• TASK TO CARRY OUT: Could you retype the lines below, starting at the line holding "Detik-detik Sang Merah" and stopping at the line holding "Used 2018 Jeep", inclusive? Copy them exactly and drop the images.

DATA TO USE Start Marker

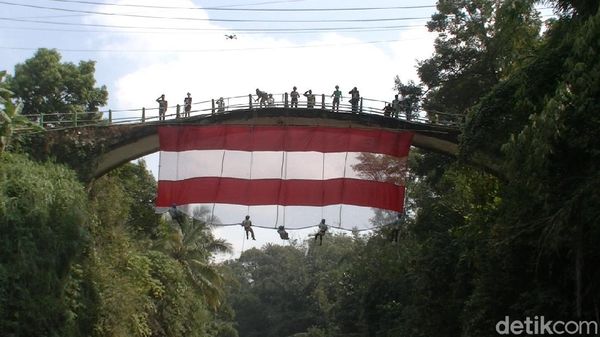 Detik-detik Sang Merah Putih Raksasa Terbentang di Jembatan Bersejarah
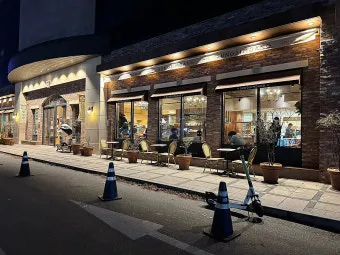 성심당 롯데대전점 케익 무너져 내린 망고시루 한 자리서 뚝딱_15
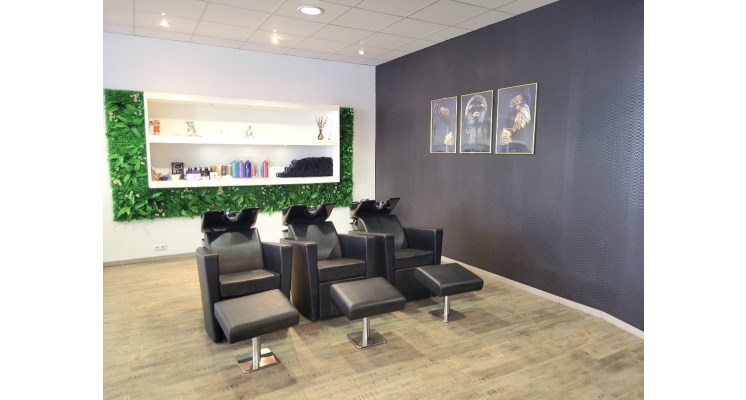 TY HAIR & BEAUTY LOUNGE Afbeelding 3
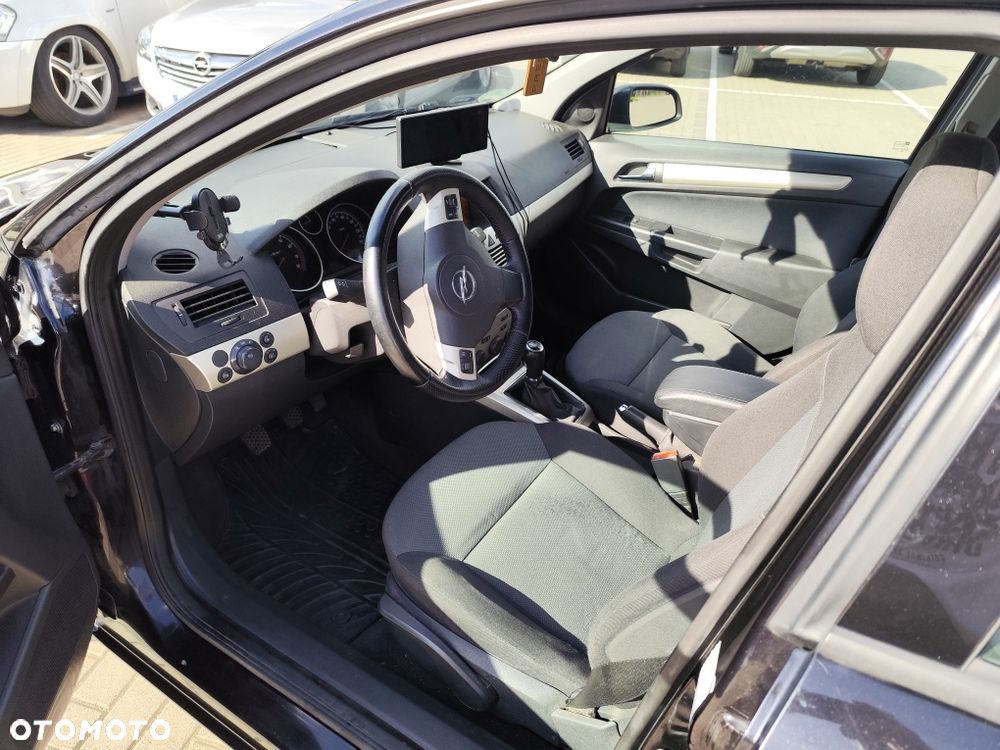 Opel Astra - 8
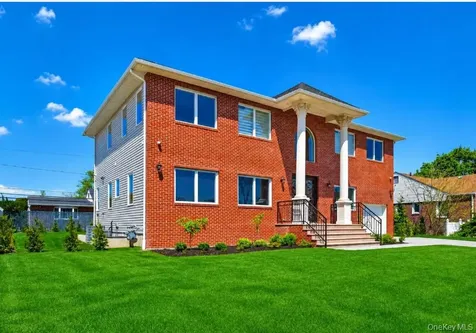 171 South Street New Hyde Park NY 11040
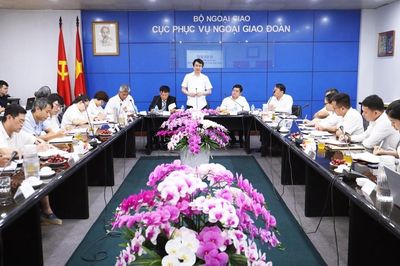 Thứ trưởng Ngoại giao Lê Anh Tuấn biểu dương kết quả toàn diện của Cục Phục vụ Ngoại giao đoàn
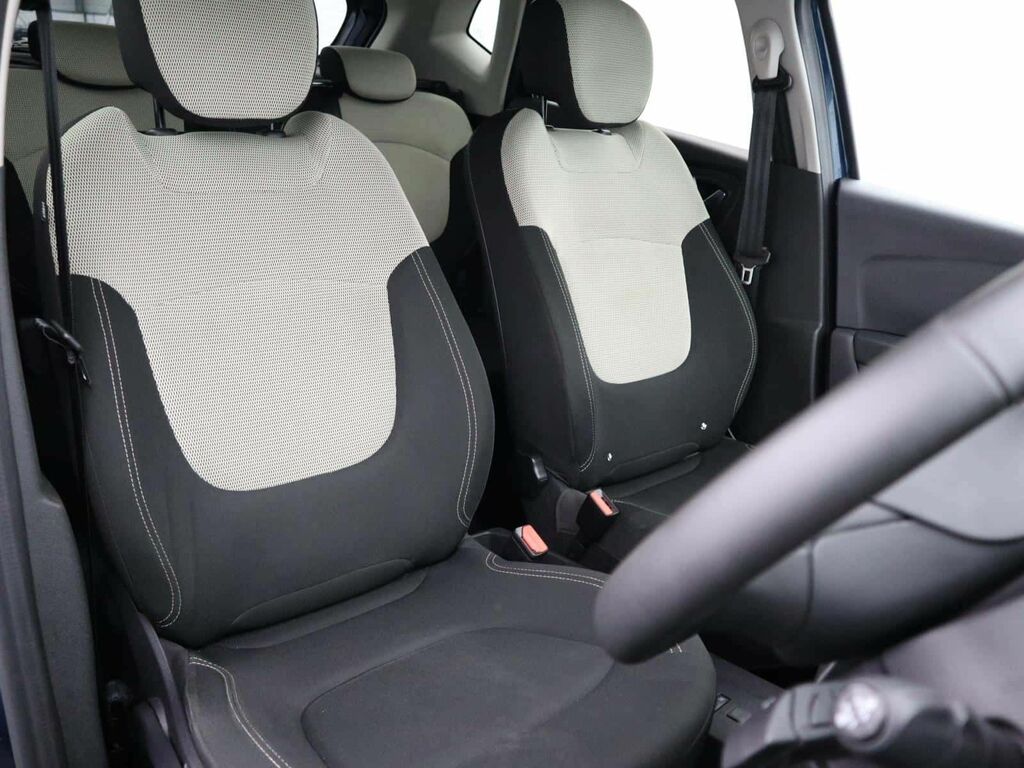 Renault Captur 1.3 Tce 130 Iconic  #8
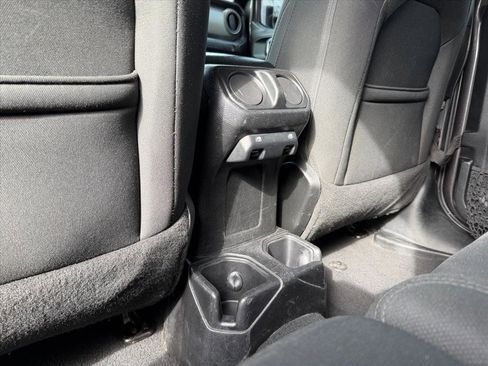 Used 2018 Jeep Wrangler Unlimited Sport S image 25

DATA TO USE End Marker
DATA TO USE Start Marker

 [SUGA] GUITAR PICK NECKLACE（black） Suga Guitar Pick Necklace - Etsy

DATA TO USE End Marker
DATA TO USE Start Marker

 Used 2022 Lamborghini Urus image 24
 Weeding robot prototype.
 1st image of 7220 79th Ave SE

DATA TO USE End Marker

• PROBLEM SOLUTION:
 Detik-detik Sang Merah Putih Raksasa Terbentang di Jembatan Bersejarah
 성심당 롯데대전점 케익 무너져 내린 망고시루 한 자리서 뚝딱_15
 TY HAIR & BEAUTY LOUNGE Afbeelding 3
 Opel Astra - 8
 171 South Street New Hyde Park NY 11040
 Thứ trưởng Ngoại giao Lê Anh Tuấn biểu dương kết quả toàn diện của Cục Phục vụ Ngoại giao đoàn
 Renault Captur 1.3 Tce 130 Iconic  #8
 Used 2018 Jeep Wrangler Unlimited Sport S image 25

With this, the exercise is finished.